There's one problem: Facebook (and sometimes ESPN) have major problems on your site. Facebook will not stay logged in for more than 3 minutes on an iPhone, or one page reload, or one quit of safari. It kicks you back to the iPhone-specific login page. ESPN will often display it's generic mobile page, rather than the iPhone optimized version. Both result in frequent crashes while using the sites.

Rob Manson said:

Doing it within the script is one way to handle this...however it's often faster and more efficient to do it at the web server configuration level.

We've also developed a technique we call "Not-Device" detection that handles iPhones and a broader set of devices too:

http://smartmobtoolkit.wordpress.com/2008/10/16/not-device-detection/

I'd love to hear your thoughts and feedback...

Rob Manson said:

We've just posted an example apache config for the "Not-Device Detection" solution that you might find useful.
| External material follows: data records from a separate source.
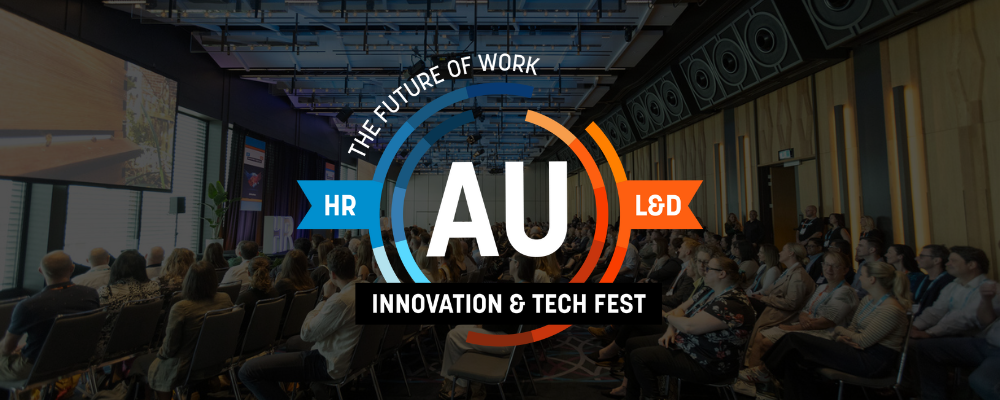 Don’t Miss HR + L&D Innovation & Tech Fest Australia | 22–23 September 2025, Hyatt Regency, Sydney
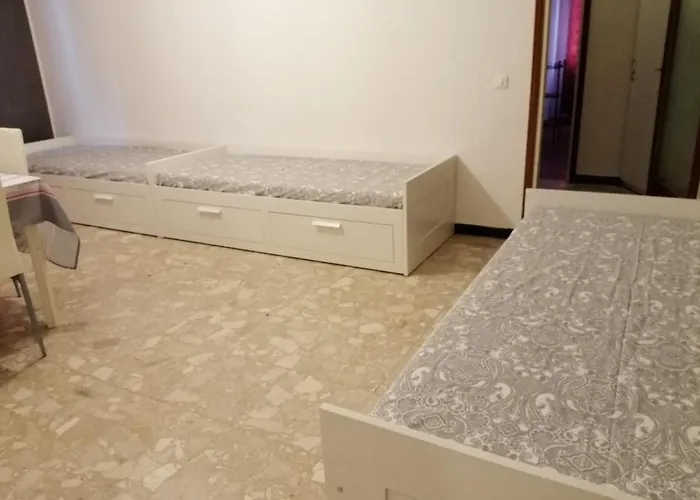 Casa 96f Βενετία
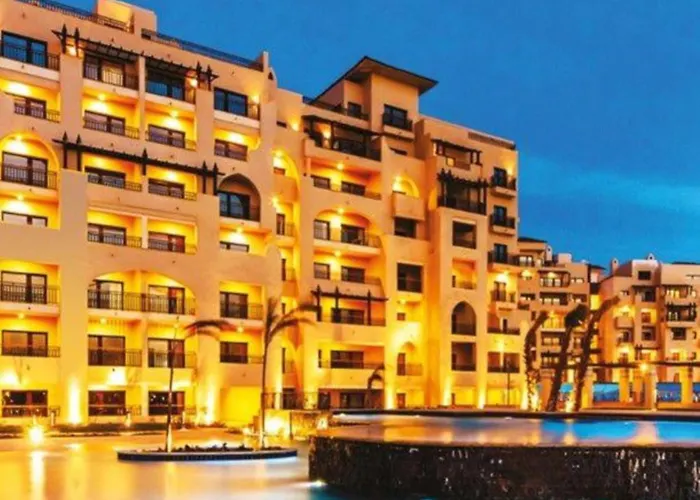 Aldau Heights Modern Brand New Appartement Hurghada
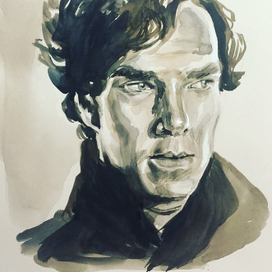 #Benedictcumberbatch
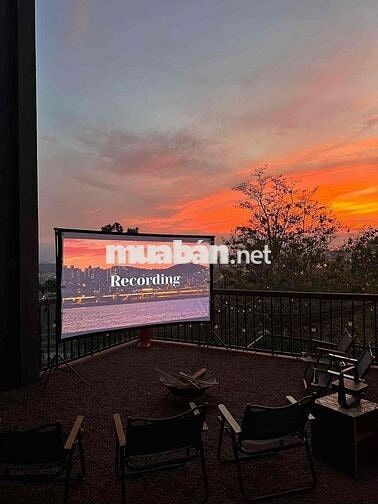 SANG NHƯỢNG HOMESTAY ĐANG KINH DOANH ỔN ĐỊNH – VỊ TRÍ ĐẸP ĐÀ LẠT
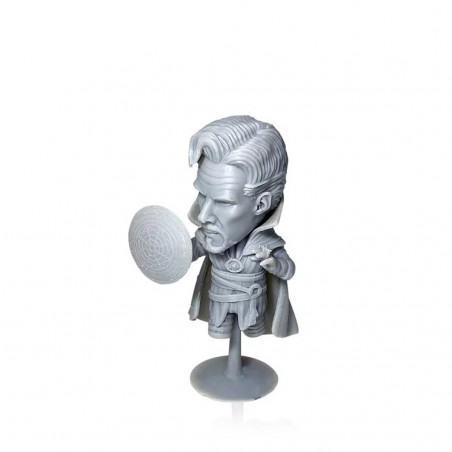 Phrozen Water Washable Model Gray (1KG)
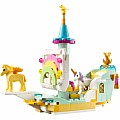 LEGO CREATOR Unicorn Castle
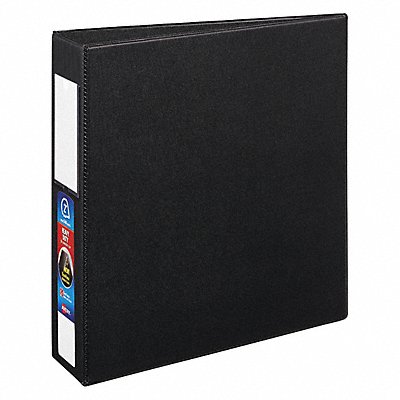 3-Ring Binder 2 Black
http://smartmobtoolkit.wordpress.com/2009/01/25/not-device-detection-example-code/

Also, here's a fun website that auto-detects iPhone's and shows the power of combining iPhone and PC Web Browsers together.

http://iDidntDoThat.com

Hope you find them both interesting...

mahalie said:

Thanks for the info, just dipping my toe in the iPhone world and not really interested in going for a swimmer's marathon! Like Facebook, I'm hoping to redirect people to our iPhone-optimized site but still offer a link back the main site that won't re-redirect them. Any advice on that? If so - please tweet me! (mahalie)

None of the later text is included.